→ **Task item**
Omit the pictures, and output the rest of the entries exactly as written.

→ **Supplied records**

⁂

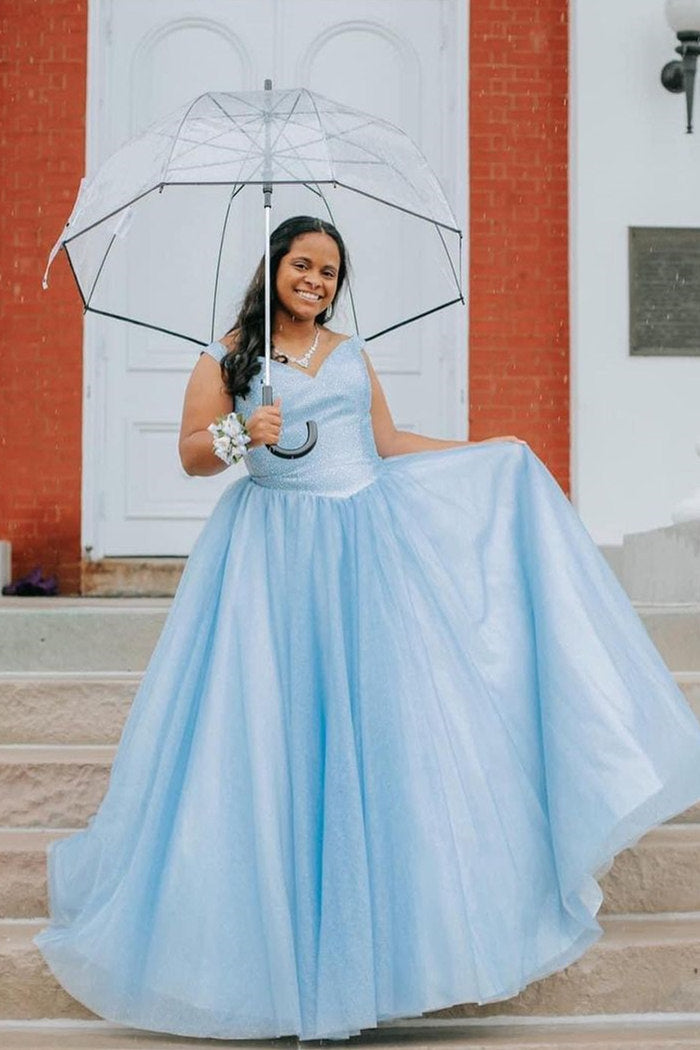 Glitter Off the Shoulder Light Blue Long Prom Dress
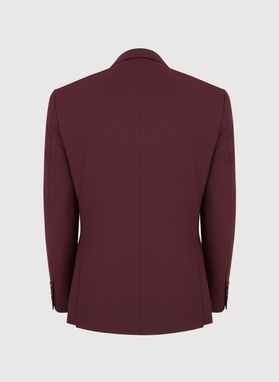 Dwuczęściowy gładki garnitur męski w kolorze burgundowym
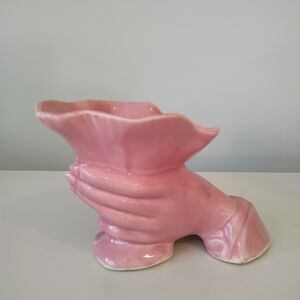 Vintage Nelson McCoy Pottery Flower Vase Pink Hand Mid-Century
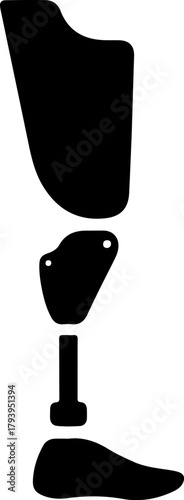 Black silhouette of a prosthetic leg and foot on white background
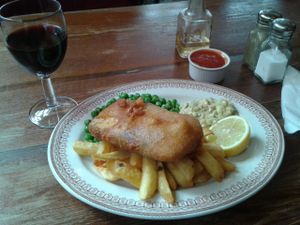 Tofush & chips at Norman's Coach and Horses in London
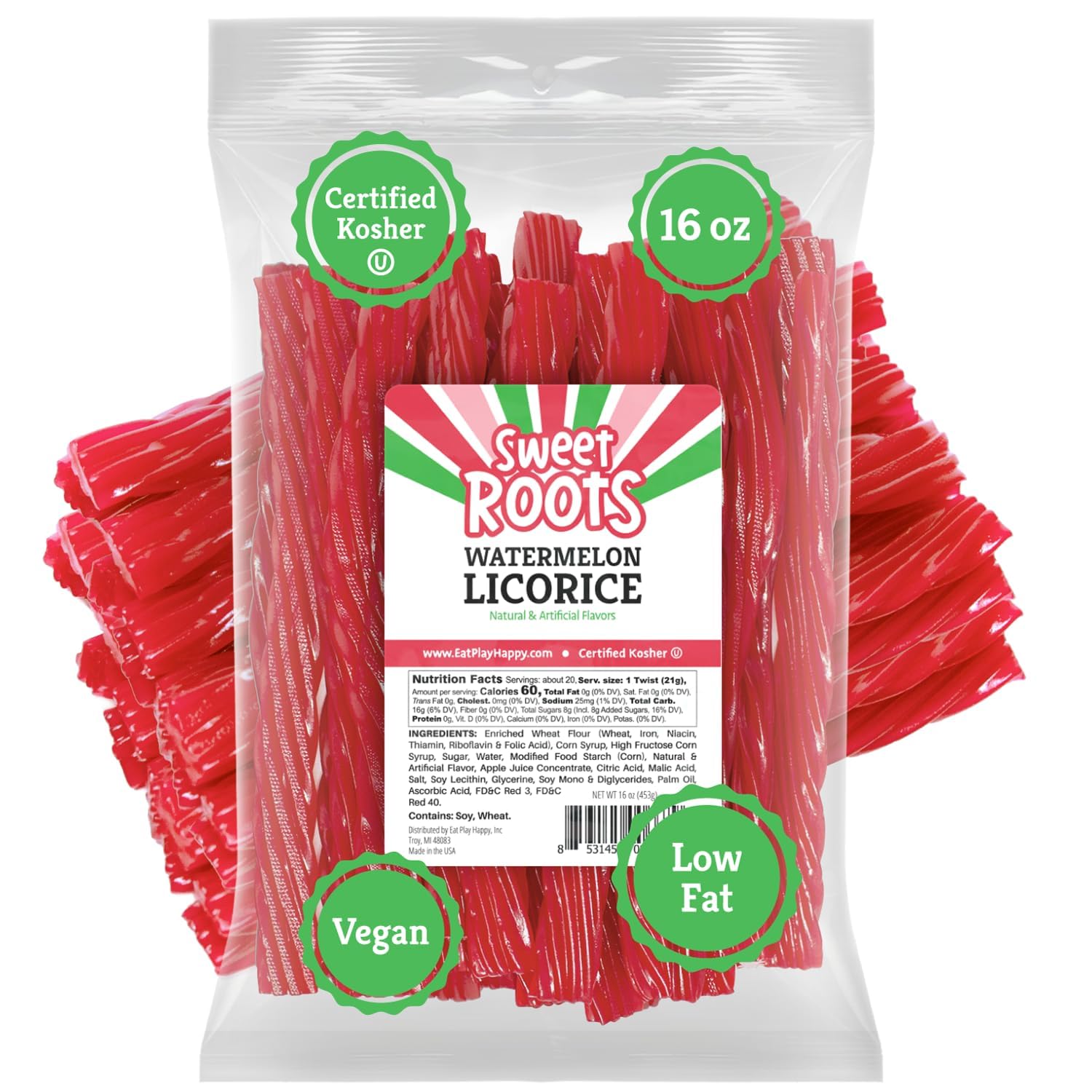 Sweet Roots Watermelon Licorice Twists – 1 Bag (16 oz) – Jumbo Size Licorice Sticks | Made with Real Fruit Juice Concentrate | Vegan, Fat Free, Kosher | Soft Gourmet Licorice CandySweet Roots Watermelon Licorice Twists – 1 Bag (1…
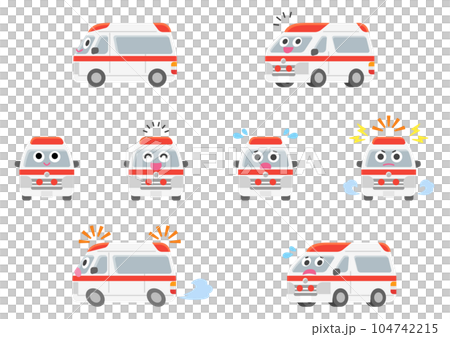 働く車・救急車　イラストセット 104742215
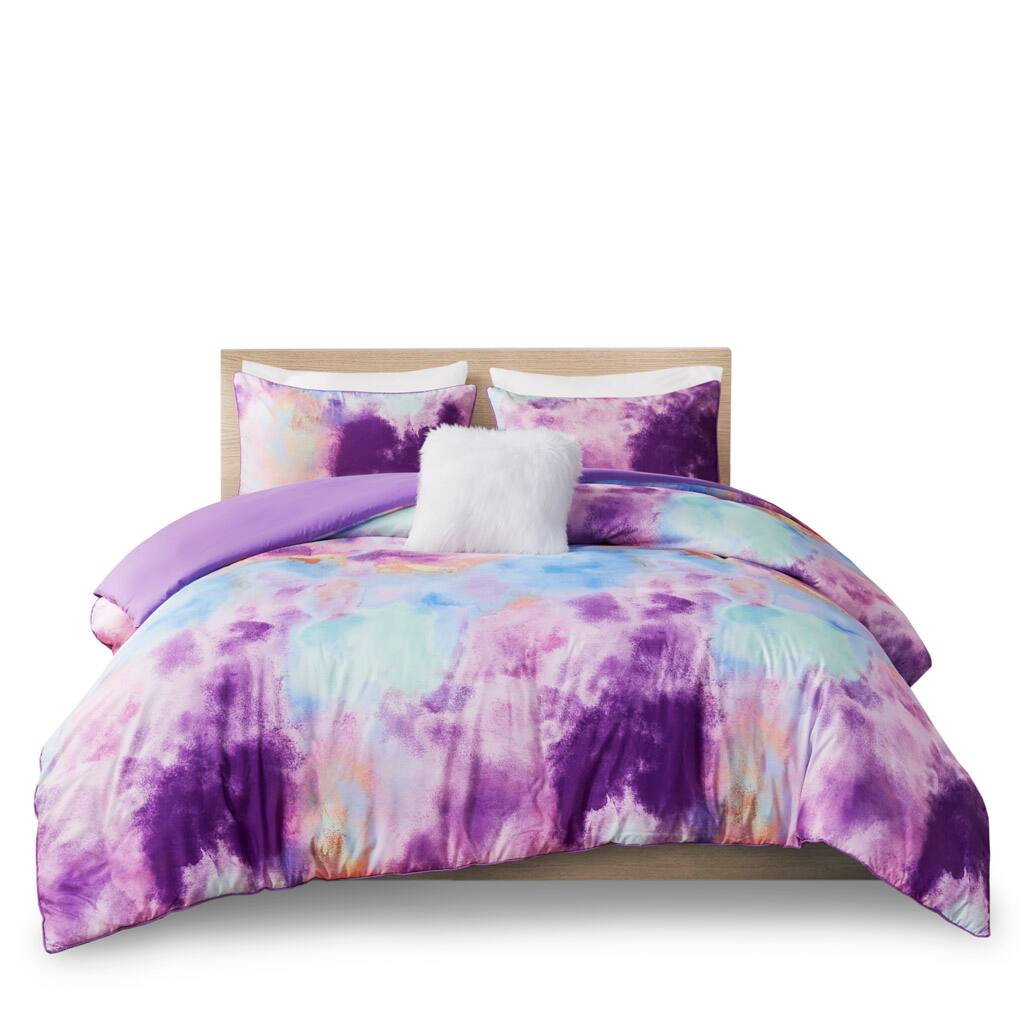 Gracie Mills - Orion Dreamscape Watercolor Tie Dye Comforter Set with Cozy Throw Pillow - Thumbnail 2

⁂

→ **Problem solution**
 Glitter Off the Shoulder Light Blue Long Prom Dress
 Dwuczęściowy gładki garnitur męski w kolorze burgundowym
 Vintage Nelson McCoy Pottery Flower Vase Pink Hand Mid-Century
 Black silhouette of a prosthetic leg and foot on white background
 Tofush & chips at Norman's Coach and Horses in London
 Sweet Roots Watermelon Licorice Twists – 1 Bag (16 oz) – Jumbo Size Licorice Sticks | Made with Real Fruit Juice Concentrate | Vegan, Fat Free, Kosher | Soft Gourmet Licorice CandySweet Roots Watermelon Licorice Twists – 1 Bag (1…
 働く車・救急車　イラストセット 104742215
 Gracie Mills - Orion Dreamscape Watercolor Tie Dye Comforter Set with Cozy Throw Pillow - Thumbnail 2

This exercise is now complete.